Let $A,B$ real $n \times n$ matrices such that $A+iB$ is invertible.
I want to prove (if true) that $|A+iB|\cdot|A-iB| >0$
Of course, this is the same as $\big| (A+iB)(A-iB) \big|>0$, so, multiplying them gives $C= A^2 + iBA -iAB + B^2$
Can we say anthing about the determinant of $C$?
On
Conjugation commutes with addition and multiplication (i.e. $\overline{x\cdot y}=\overline x\cdot\overline y$ and $\overline{x+y}=\overline x+\overline y$), and taking the determinant is just a complicated set of additions and multiplications on the entries, so conjugation also commutes with taking the determinant. That implies the result you want.

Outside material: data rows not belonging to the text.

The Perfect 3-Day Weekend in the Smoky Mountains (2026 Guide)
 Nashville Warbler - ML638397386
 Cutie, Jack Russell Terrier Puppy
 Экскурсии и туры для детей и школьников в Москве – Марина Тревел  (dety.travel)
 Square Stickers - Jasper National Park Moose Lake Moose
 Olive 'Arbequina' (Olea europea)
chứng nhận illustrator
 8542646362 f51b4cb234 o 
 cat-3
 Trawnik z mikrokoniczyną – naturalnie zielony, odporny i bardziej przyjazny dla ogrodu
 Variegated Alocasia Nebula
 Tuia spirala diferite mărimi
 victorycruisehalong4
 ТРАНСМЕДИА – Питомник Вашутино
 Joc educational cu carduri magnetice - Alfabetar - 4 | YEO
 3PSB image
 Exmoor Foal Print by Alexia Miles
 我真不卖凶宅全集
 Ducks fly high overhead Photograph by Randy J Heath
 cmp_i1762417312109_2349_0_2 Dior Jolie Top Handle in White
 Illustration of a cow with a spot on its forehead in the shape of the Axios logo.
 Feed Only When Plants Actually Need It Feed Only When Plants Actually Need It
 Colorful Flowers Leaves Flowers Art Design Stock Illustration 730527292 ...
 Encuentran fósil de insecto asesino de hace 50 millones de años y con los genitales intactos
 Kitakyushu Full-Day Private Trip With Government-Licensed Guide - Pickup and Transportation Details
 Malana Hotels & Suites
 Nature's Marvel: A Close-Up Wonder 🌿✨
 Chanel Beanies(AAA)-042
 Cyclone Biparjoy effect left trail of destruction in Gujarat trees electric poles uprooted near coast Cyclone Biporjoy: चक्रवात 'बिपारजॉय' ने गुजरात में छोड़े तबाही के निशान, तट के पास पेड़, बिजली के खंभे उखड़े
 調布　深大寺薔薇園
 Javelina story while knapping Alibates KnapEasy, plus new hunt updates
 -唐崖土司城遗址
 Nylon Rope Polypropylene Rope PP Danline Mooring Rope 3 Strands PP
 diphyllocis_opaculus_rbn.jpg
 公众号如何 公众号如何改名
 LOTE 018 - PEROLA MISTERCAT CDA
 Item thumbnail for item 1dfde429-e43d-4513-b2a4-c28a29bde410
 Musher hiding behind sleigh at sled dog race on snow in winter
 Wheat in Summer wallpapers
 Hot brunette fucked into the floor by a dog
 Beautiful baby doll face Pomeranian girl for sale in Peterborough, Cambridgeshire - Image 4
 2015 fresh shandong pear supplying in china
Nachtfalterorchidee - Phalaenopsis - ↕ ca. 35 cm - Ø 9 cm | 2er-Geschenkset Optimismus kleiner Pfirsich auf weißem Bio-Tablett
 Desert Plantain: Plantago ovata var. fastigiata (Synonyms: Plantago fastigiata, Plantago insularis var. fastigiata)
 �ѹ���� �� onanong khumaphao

It is true that $\det(A+iB)\det(A-iB) >0$ for your matrices. Here is one possible idea how to see and prove it. We know that $A$ and $B$ are real matrices. From this follows that $$ \overline{(A + iB)} = A - iB. $$ Now we would like to show that $\overline{\det (M)} = \det(\overline M)$. If this is true then we are almost finished because $$|A+iB|\cdot|A-iB| = z \overline z = |z|^2$$ for $z=\det(A+iB)$. Invertibiltiy will then be used to provide that $\det(A+iB)\neq 0$.
Now remains to show that $\overline{\det (M)} = \det(\overline M)$. This follows from the fact that determinant is a polynomial in matrix entries and $\overline{P(z_1,\cdots,z_n)} = P(\overline{z_1},\cdots, \overline{z_n})$ for all polynomials $P$ with real coefficients.